So what was in that CD (could somebody remind me) and can it all be downloaded?


----------



## Don Haines (Oct 1, 2014)

go to :

http://www.usa.canon.com/cusa/consumer/products/cameras/slr_cameras/eos_5d_mark_iii?selectedName=DriversAndSoftware

and download EOS digital solution disk software 29.0A.......
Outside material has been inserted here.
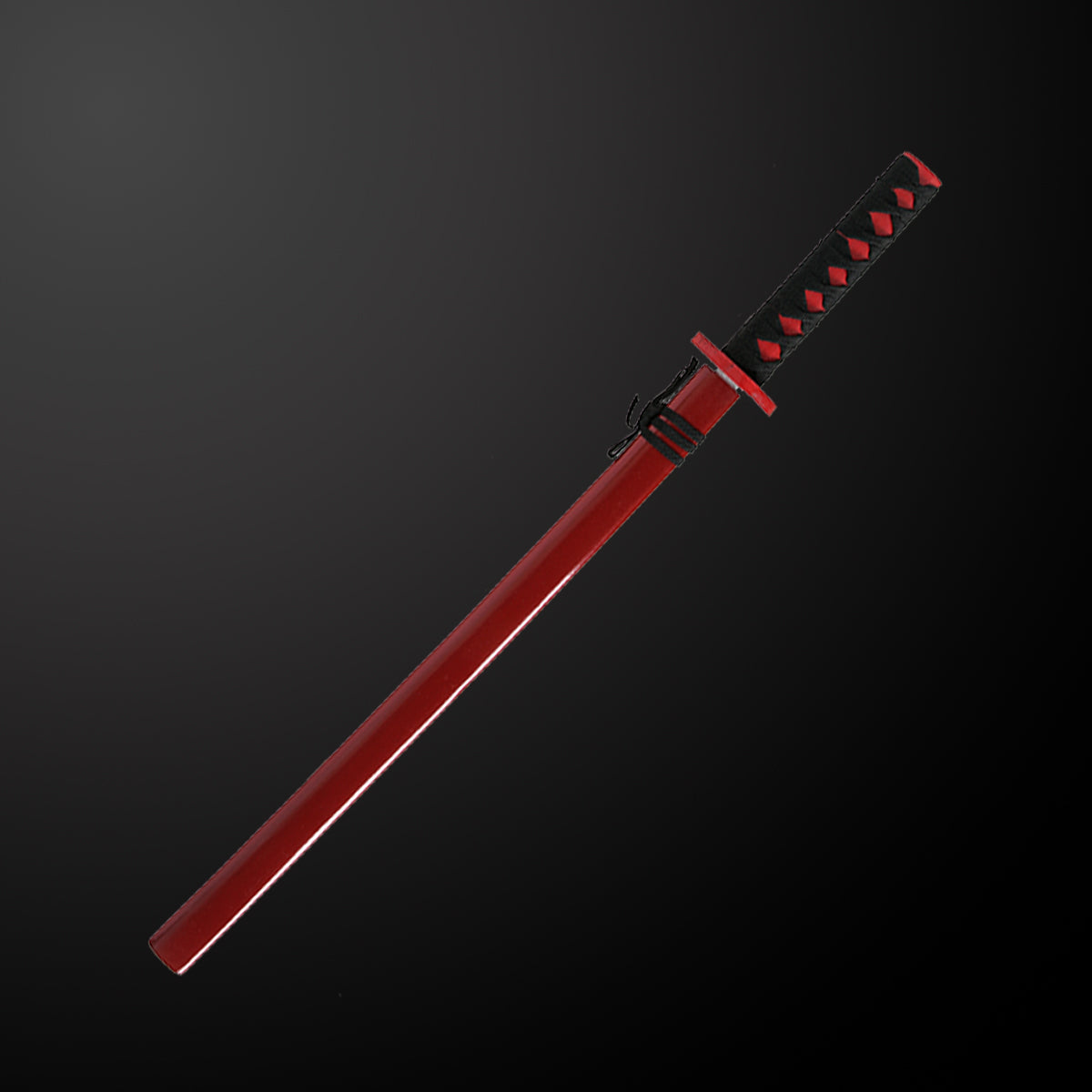 Red Wooden Samurai Sword with Scabbard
That is the image of the latest version of the CD.... you will need to enter the serial number of your camera...


----------



## Mitch.Conner (Oct 1, 2014)

Don Haines said:


> go to :
> 
> http://www.usa.canon.com/cusa/consumer/products/cameras/slr_cameras/eos_5d_mark_iii?selectedName=DriversAndSoftware
> 
> ...



Thanks!

That has dpp, etc.?


----------



## Don Haines (Oct 1, 2014)

Mitch.Conner said:


> Don Haines said:
> 
> 
> > go to :
> ...


It should have everything.


----------



## Mitch.Conner (Oct 1, 2014)

Don Haines said:


> Mitch.Conner said:
> 
> 
> > Don Haines said:
> ...



Thanks again. That was easier than I expected.


----------



## Don Haines (Oct 1, 2014)

Mitch.Conner said:


> Don Haines said:
> 
> 
> > Mitch.Conner said:
> ...



There are a lot of tablets and laptops now that don't have DVD-Roms.... Canon had to do something so they could install the software on them.... I'm always surprised when a company does something sensible


----------



## ScubaX (Oct 1, 2014)

Unless your away from home on a trip and forgot to install the GPS map utility that you wanted to use - it's available only on the original disk.


----------



## Valvebounce (Oct 2, 2014)

Hi ScubaX. 
I had a similar stupid setup, I had a UK version PDA that ran Route 66 software, on a trip to the USA I thought Route 66, American, I'll buy it when we arrive! Nope, you could buy and download the US maps, but ONLY in the UK???  Crazy! 

Cheers, Graham. 



ScubaX said:


> Unless your away from home on a trip and forgot to install the GPS map utility that you wanted to use - it's available only on the original disk.


----------